It was a plum assignment for a food, travel and fitness writer – go on a five day white water rafting and catered camping trip on the Rogue River in Oregon. Adventures on the water all day, new fitness challenges, abundant, cooked from scratch meals to feed a ravenous appetite, nights spent under the stars of the Northwest Pacific. All expenses paid, and a paid story assignment, to boot. The only catch? I’d be off the grid for five days.
I stammered while on the phone with the OARS staff.
“You mean, no … no… no internet or cell? No Twitter? Facebook? Gmail? Text?”
Outdoor toilets? No problem – can’t be any worse than some unspeakable toilet situations I’ve encountered around the world. No showers? Meh, whatever. But a smart phone without a signal? I don’t know – could I make it?
Too often I feel like Fred in Portlandia, caught in a technology loop. My phone is always by my side. I check it the moment my feet hit the floor in the morning (if not before). Notification buzzes while I’m in line at the grocery? I check it. At work? I check it. In the car? I manage to wait until a red light, but it’s hard. Online all day at my day job – which happens to be in online communication – and most of my other waking hours, I more than fit the bill for a trendy new malady – internet addiction.
Just before heading out on the trip I read a July 8 Newsweek article that flags spending “more than 38 hours a week online” as an indicator for the addiction, and scarily notes that “the brains of Internet addicts … look like the brains of drug and alcohol addicts.” The article goes on to say:
‘The computer is like electronic cocaine, ‘fueling cycles of mania followed by depressive stretches. The Internet ‘leads to behavior that people are conscious is not in their best interest and does leave them anxious and does make them act compulsively.’

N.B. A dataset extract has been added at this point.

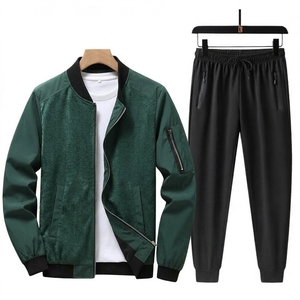 Custom Logo Men's Full Zip Tracksuit <b>Set</b> Two Piece Jogging Suit Casual <b>Gym</b> Training Sportswear - Product Image 2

We may appear to be choosing to use this technology, but in fact we are being dragged to it by the potential of short-term rewards. Every ping could be social, sexual, or professional opportunity, and we get a mini-reward, a squirt of dopamine, for answering the bell. ‘These rewards serve as jolts of energy that recharge the compulsion engine, much like the frisson a gambler receives as a new card hits the table.’”
As a writer with a dozen pitches out at any time, there could always be a message waiting to tell me I got the assignment. There could be a comment on a story I’ve written, or glowing praise on a link I Tweeted. But there could also be a million mundane things that just leave me feeling a little disappointed. Weaning myself off this Portlandia-style technology loop was not likely. Cold turkey was the only way to go. Scared straight, I left determined to not only survive this media-free sentence, but to take advantage of it.
On the morning of departure, I scanned Facebook, Gmail and Twitter one last time, and with a grimace, slammed my netbook shut like I was ripping a bandage off a wound. How could I really get by without constant affirmation that people wanted to talk to me and hear from me?
Five days later, when I returned to electric and plumbing and my media tether I took a shower, luxuriated in air conditioning and phoned home – but was in no hurry to power up Facebook. Instead, wanted to delay my return to that world.
Rather than pining for my social media all week long, I’d – no lie – nearly forgotten about it. When I sailed out of my first solo navigation of a white water rapid to find a solemn eagle observing me, I sat in silence at this wonder. Instead of composing a status update in my head: “OMG, I see an eagle!” I just looked back at him. When I raised my head from a crystal clear spring where I was washing my face early one morning to find five deer looking curiously at me, my natural instinct was to snap a photo and write a pithy message to the world – would they believe how freaking cool this was? But I was sans phone and internet, so again, I stood and looked back at them, one animal to another in the wild. And back at camp I couldn’t wait to share my story – in person! – with people who were visibly excited to hear the tale. This was no lame ‘like’ button – their smiles told me they were genuinely interested.
The longer the week went on the more I found myself in the present, in the world around me. I never knew what time it was, what I looked like, what was for dinner, or what my 700+ Facebook ‘friends’ were doing. It was bliss.
As eager as I was to return home to my family, I was reluctant to leave this world of wild beauty, serene splendor and entertainment (Bears! Jumping off rocks! Waterfall slides!) that didn’t come from a glowing screen.
In fact, I so enjoyed my time off the grid that I determined to make a change. Before the lure of the notification could grow too powerful, I promised myself to scale back. No more phone in my pocket when we go for a walk in the park – instead, look around, smell, see, hear what’s in front of me. Don’t open those extra tabs in my browser for Facebook and Gmail; instead, check them just a few times a day. Red lights are for sitting and looking around. I drive a convertible – I can tilt my head and see nothing but blue sky.
I can’t see ever leaving social media for good. Its power as a connector outweighs its negatives. But my time off the grid was an awakening, and I want to carry that sense of being present wherever I go. Next week I’m in Paris, and I’ve resolved to Put Down The Phone and revel in where I am.
This Labor Day, why don’t you join me? Take one day to go off the grid – you don’t have to have close encounters with wildlife to appreciate the time away. A close encounter with life should do the trick.